WHAT YOU NEED TO DO
With pictures left out, retype the lines from the start of the records through the one that contains "He also coined".

RECORDS SHOWN
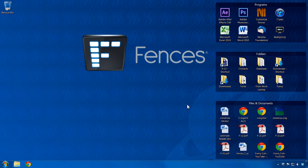Fences organizes the icons, shortcuts, and folders on your PC desktop into shaded areas called Fences.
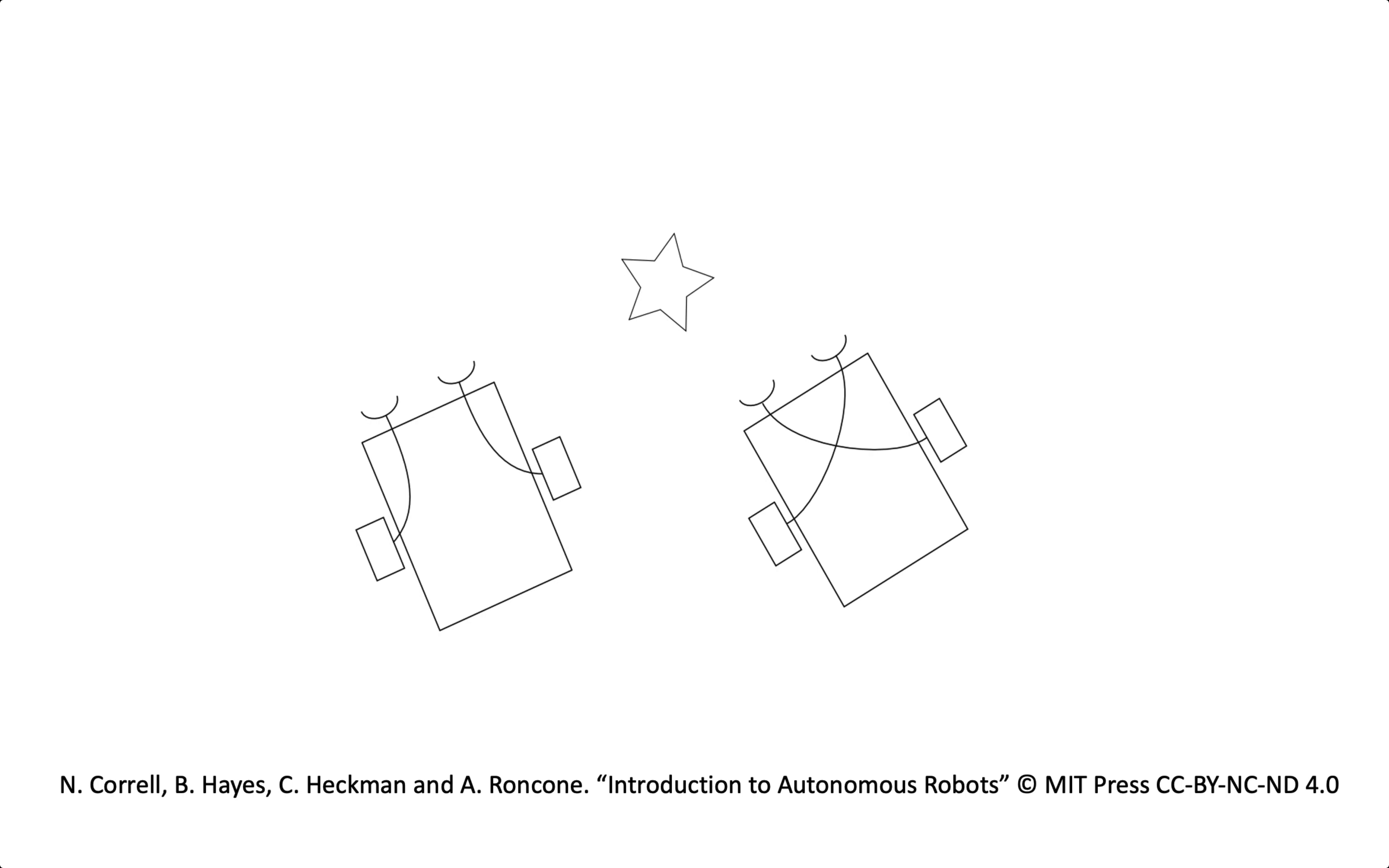He also coined the term Breitenberg vehicles which you can see here on the slide and there are two vehicles that have their sensors directly wired to motor outputs. In the middle is a light source and one of the vehicles has the left sensor wired to the left motor and the right sensor wired to the right motor.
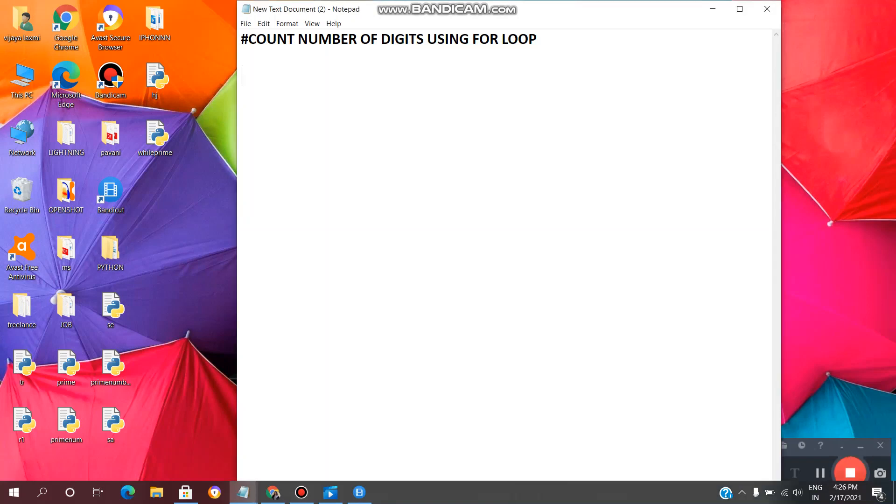Hey guys, welcome back to vlinfotech. Today in this video we will see how to write a Python program to find count of number of digits of a given number using for loop.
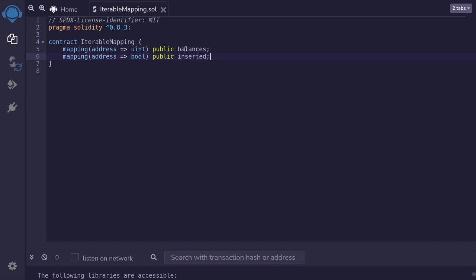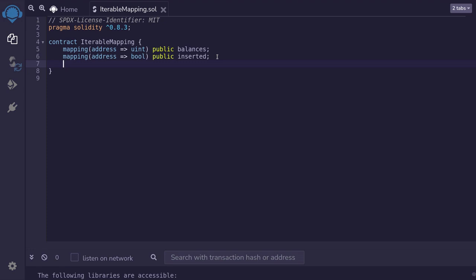When we insert new data into the balances mapping, inside the mapping 'inserted', we'll set the address that we just inserted into the balances mapping to true. We also need to keep track of all of the keys that we inserted into an array. The key type is address, so we'll create an array of addresses by typing 'address[]', public, and I'll name this 'keys'.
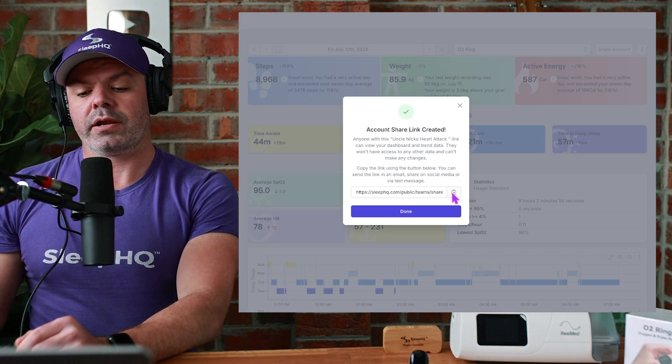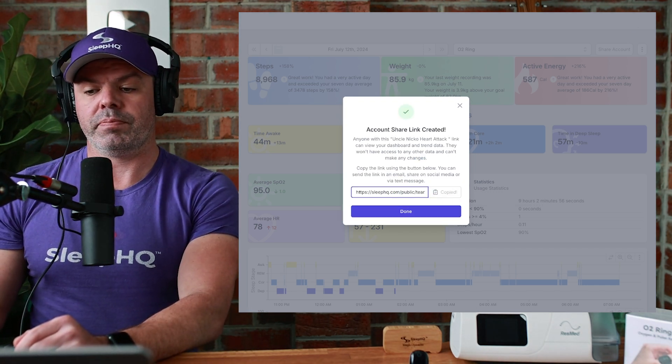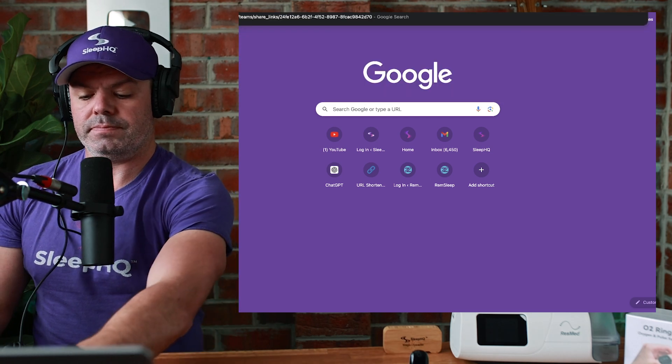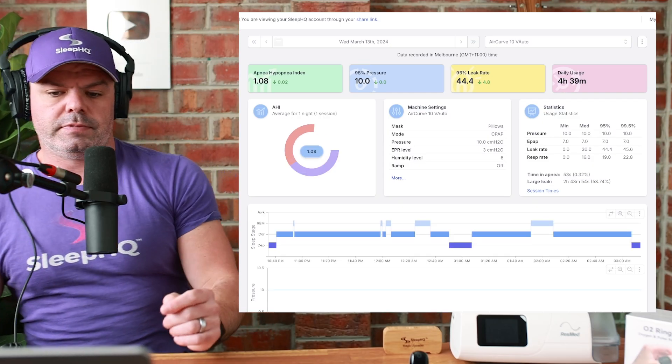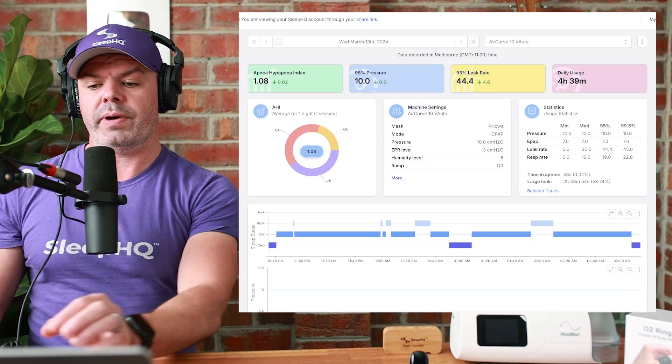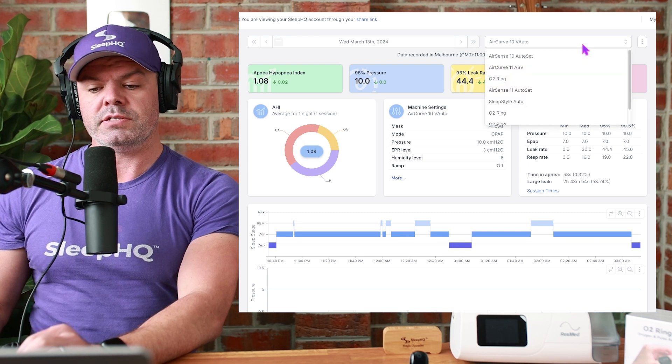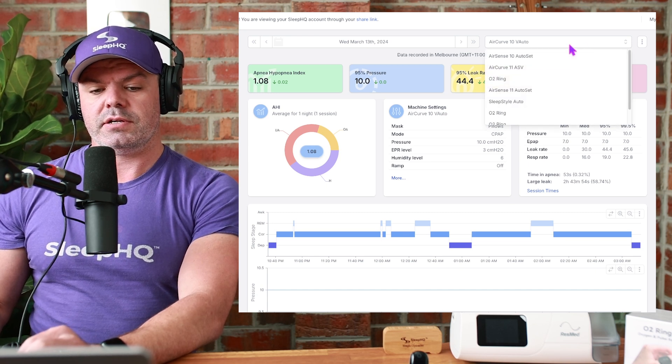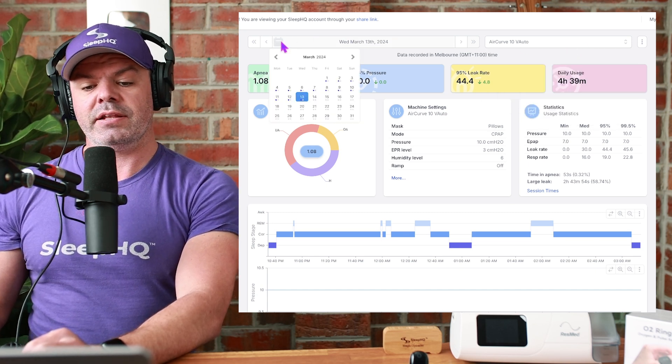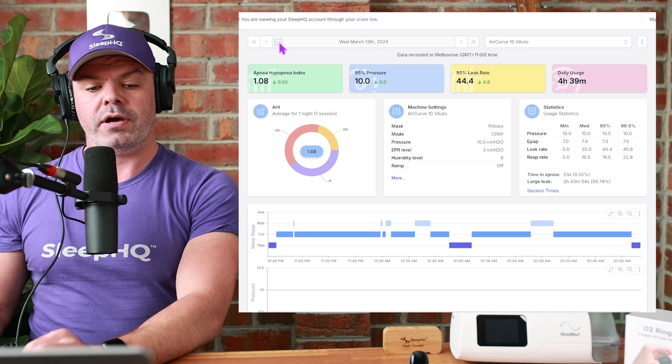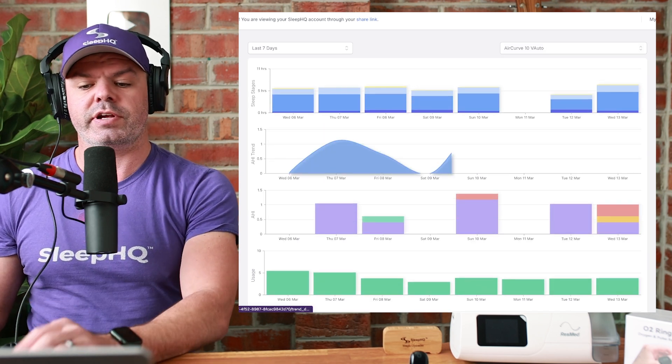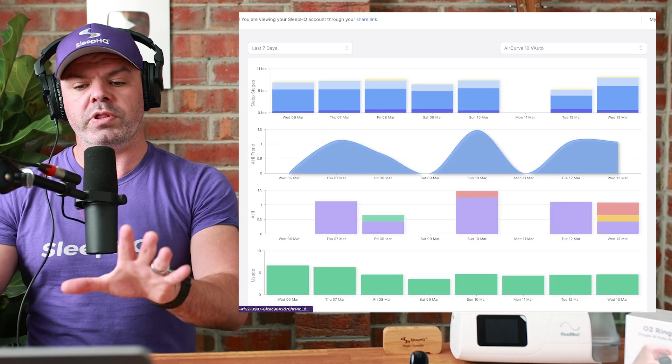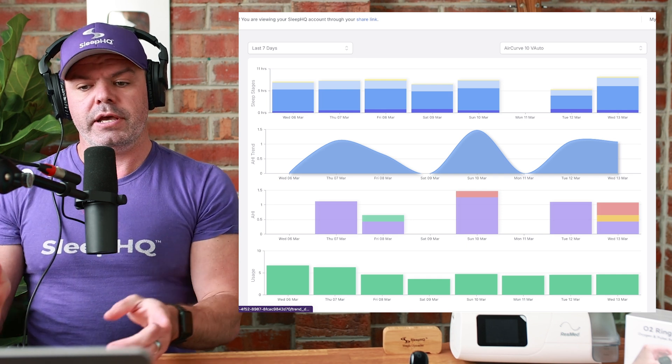Create account share link. Now, I can copy this share link and I'll paste it into a browser. And just like before, no personal information. But look, now I can switch devices. I can access the calendar. Choose a different day if I want. I can come over here to the trend data. Check out the data trends. All the charts. All the information. Anonymous.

REPLY TO THE EXERCISE
Fences organizes the icons, shortcuts, and folders on your PC desktop into shaded areas called Fences.
He also coined the term Breitenberg vehicles which you can see here on the slide and there are two vehicles that have their sensors directly wired to motor outputs. In the middle is a light source and one of the vehicles has the left sensor wired to the left motor and the right sensor wired to the right motor.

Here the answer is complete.